_What this task involves_
The line with "Close-up of hands" marks the first line to copy, and the line with "Three adults stand" marks the last. Transcribe that stretch of the data below exactly, without pictures.

_Records provided_
■ ■ ■ ■

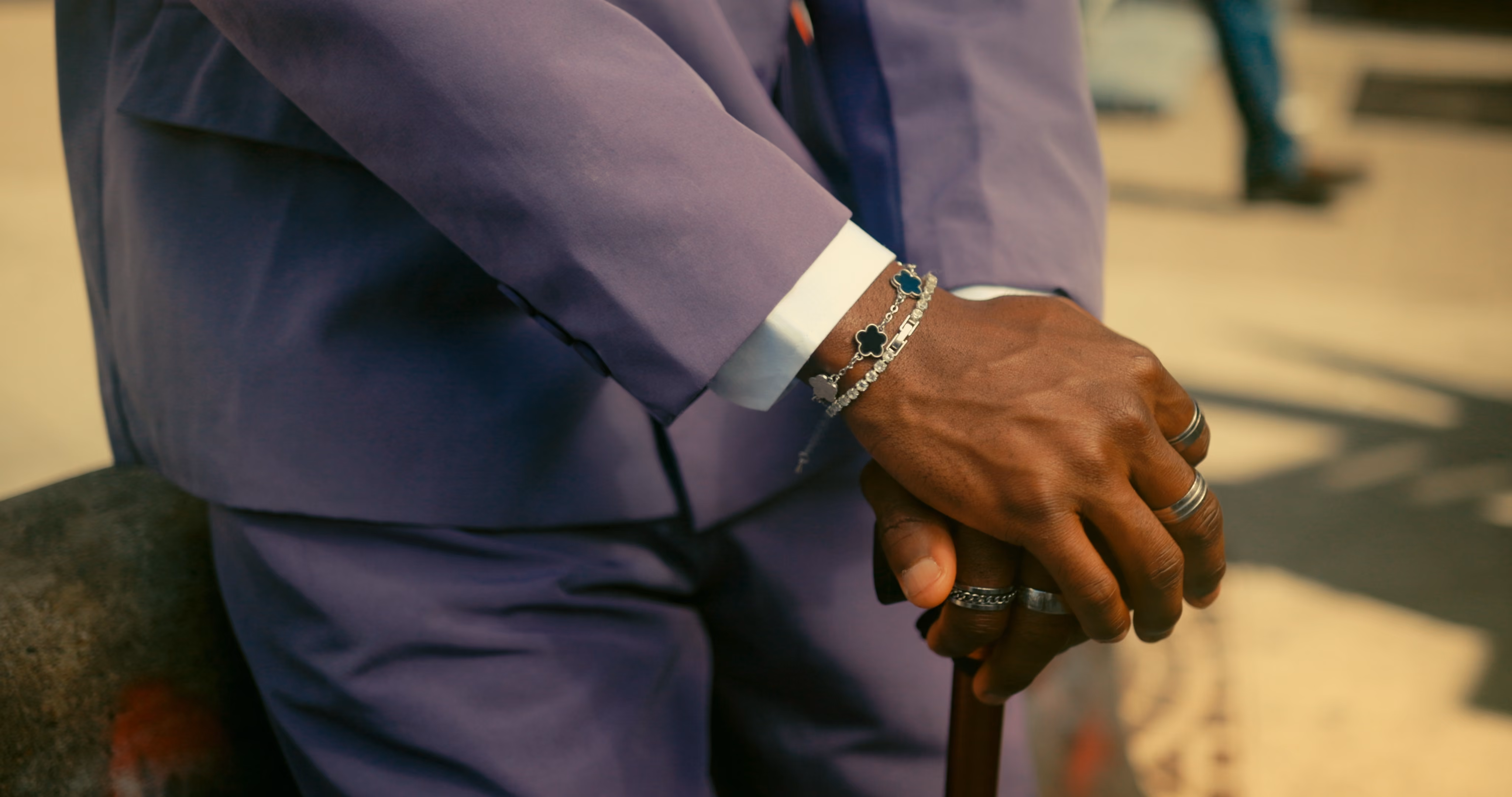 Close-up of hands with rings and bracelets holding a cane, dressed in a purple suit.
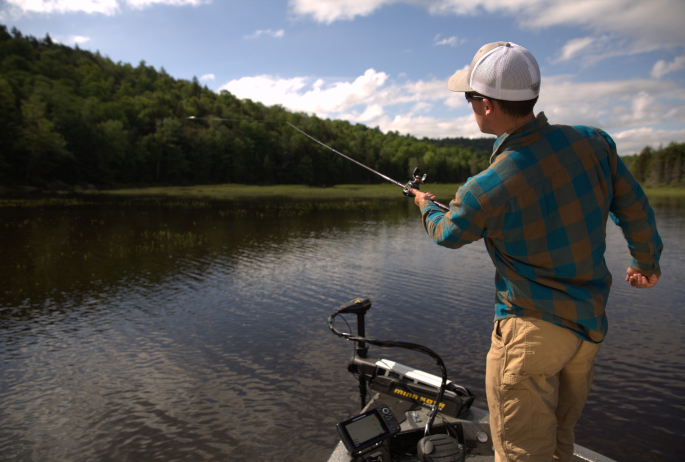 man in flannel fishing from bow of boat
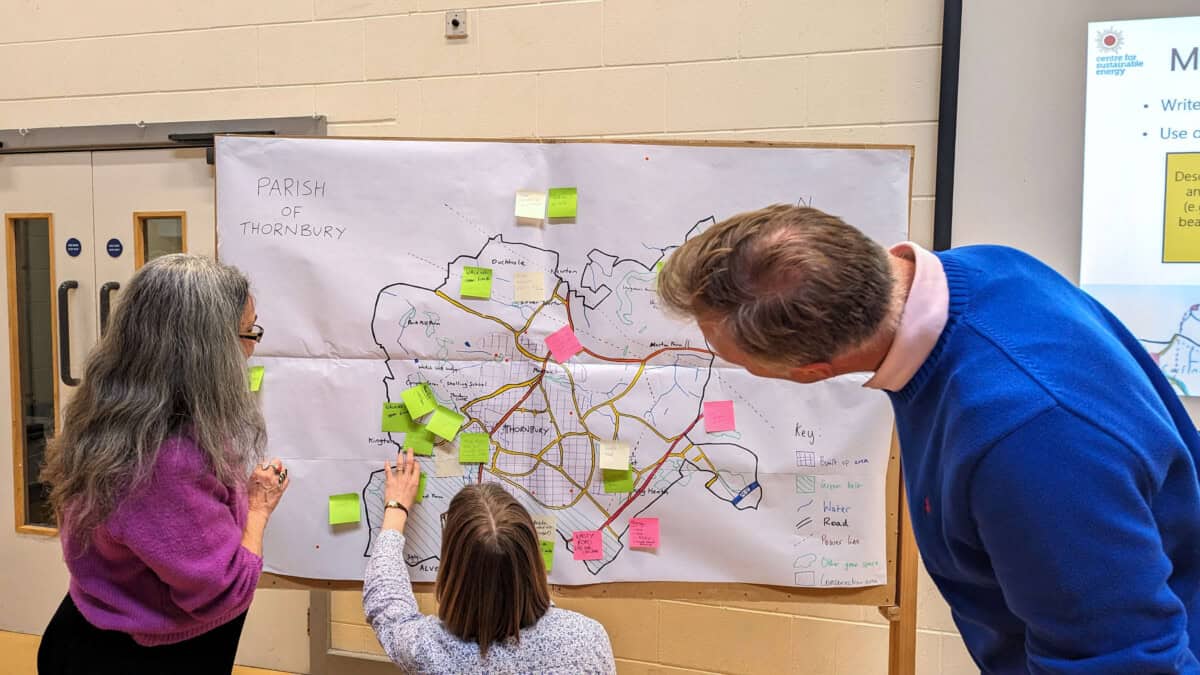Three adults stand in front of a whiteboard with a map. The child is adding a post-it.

■ ■ ■ ■

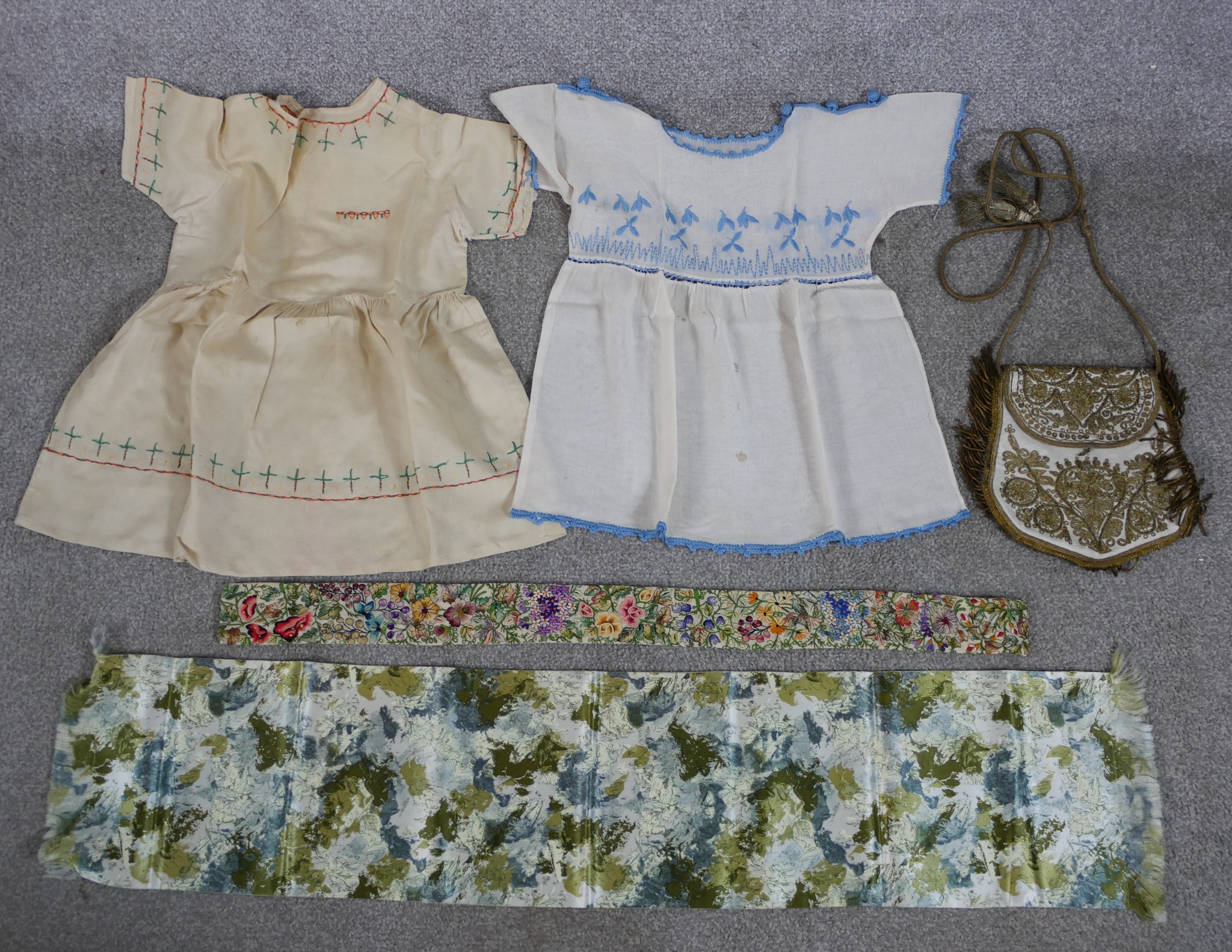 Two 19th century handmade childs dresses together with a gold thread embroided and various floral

■ ■ ■ ■

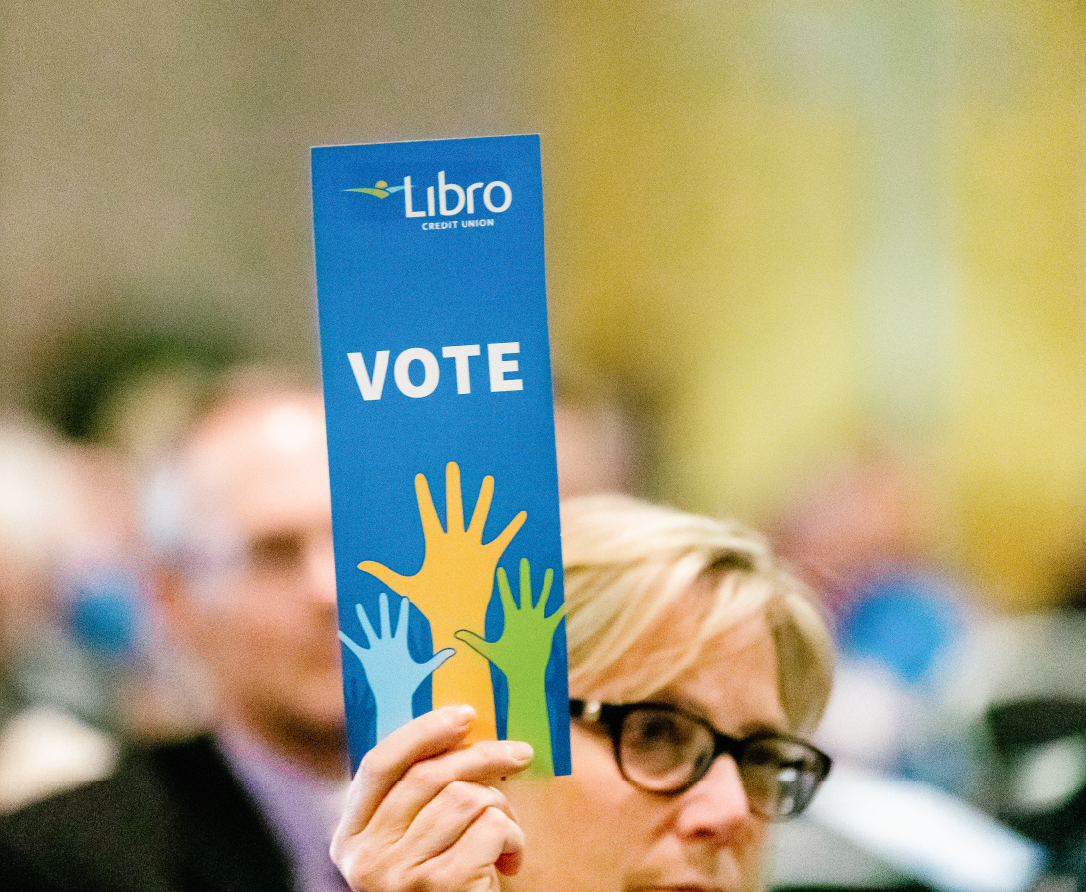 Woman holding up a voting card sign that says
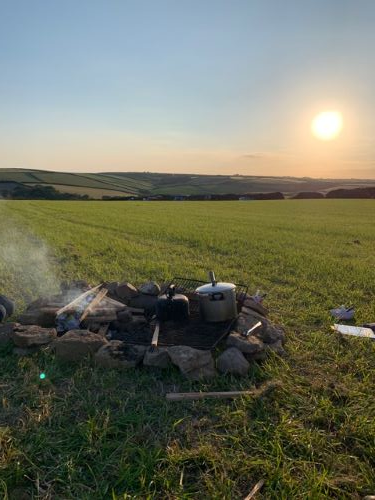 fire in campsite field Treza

■ ■ ■ ■

_Output for this task_
 Close-up of hands with rings and bracelets holding a cane, dressed in a purple suit.
 man in flannel fishing from bow of boat
Three adults stand in front of a whiteboard with a map. The child is adding a post-it.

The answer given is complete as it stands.